▶ **EXERCISE INPUT**
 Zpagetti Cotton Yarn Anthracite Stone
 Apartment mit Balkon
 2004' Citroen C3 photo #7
---
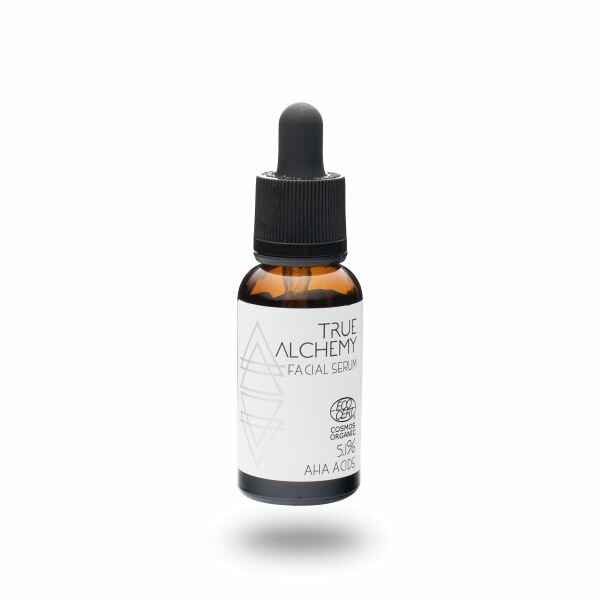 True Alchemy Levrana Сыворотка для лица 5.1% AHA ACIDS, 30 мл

▶ **TASK TO CARRY OUT**
Repeat word for word the lines above that run from the line containing "Zpagetti Cotton Yarn Anthracite Stone" through the line containing "2004' Citroen C3 photo #7", both ends included, and nothing else.

▶ **ANSWER SPACE**
 Zpagetti Cotton Yarn Anthracite Stone
 Apartment mit Balkon
 2004' Citroen C3 photo #7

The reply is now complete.